Spark on Kubernetes: Jupyter and Beyond
In many organizations, Apache Spark is the computational engine that powers big data. Spark, a general-purpose unified analytics engine built to transform, aggregate, and analyze large amounts of information, has become the de-facto brain behind large scale data processing, machine learning, and graph analysis.
When it was released, Apache Spark 2.3 introduced native support for running on top of Kubernetes. Spark 2.4 further extended the support and brought integration with the Spark shell. In a previous article, we showed the preparations and setup required to get Spark up and running on top of a Kubernetes cluster.
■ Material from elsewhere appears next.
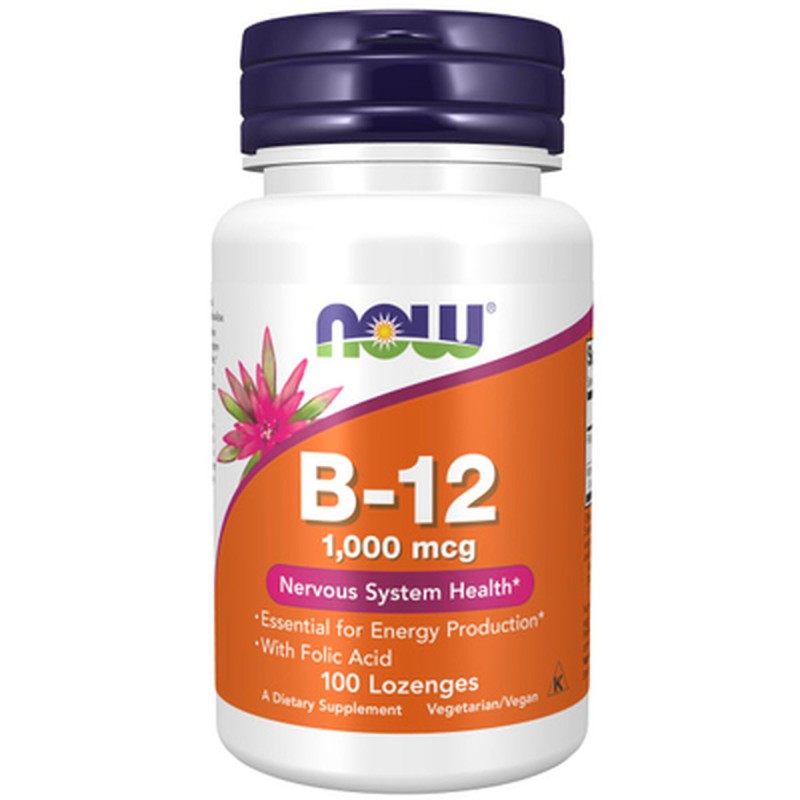 NOW VITAMINA B-12 - 100 COMPRIMIDOS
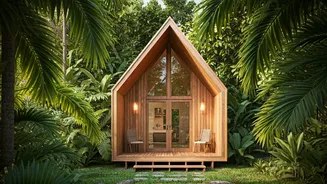 Couples Choose Custom Cozy Wooden Eco Cabins Across Bali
In this article, we'll take the next logical step and show how to run more complex analytic environments such as Jupyter so that it is also able to take advantage of the cluster for data exploration, visualization, or interactive prototyping.
This is Part 2 of a larger series on how to use containers and Kubernetes for Data Science. If you have not already done so, please check out Part 1 which shows how to run Spark applications inside of Kubernetes.
Jupyter
Jupyter allows you to work interactively work with a live running server and iteratively execute logic which remains persistent as long as the kernel is running. It is used to combine live-running code alongside images, data visualization, and other interactive elements such as maps. It has become a de-facto standard for exploratory data analysis and technical communication.
Overview
In this article, we will:
- Extend the "driver" container in the previous article to include Jupyter and integrate the traditional Python shell with PySpark so that it can run large analytic workloads on the cluster.
- Configure S3Contents, a drop-in replacement for the standard filesystem-backed storage system in Jupyter. Using S3Contents is desirable because containers are fragile. They will often crash or disappear, and when that happens the content of their filesystems is lost. When running in Kubernetes, it is therefore important to provide an external storage that will remain available if the container disappears.
- Create an "ingress" that allows for the Jupyter instance to be accessed from outside of the cluster.
A copy of all of the Dockerfiles and other resources used in this article can be found in the Oak-Tree DataOps Examples found in the GitLab repository. Copies of the container images are available from the Oak-Tree DataOps Container Registry.
Packaging Jupyter
As a Python application, Jupyter can be installed with either pip
or conda
. We will be using pip
.
The container images we created previously (spark-k8s-base
and spark-k8s-driver
) both have pip
installed. For that reason, we can extend them directly to include Jupyter and other Python libraries.
The code listing below shows a Dockerfile where we install Jupyter, S3Contents, and a small set of other common data science libraries including:
- NumPy: A library which implements efficient N-dimensional arrays, tools for manipulating data inside of NumPy arrays, interfaces for integrating C/C++ and Fortran code with Python, and a library of linear algebra, Fourier transform, and random number capabilities.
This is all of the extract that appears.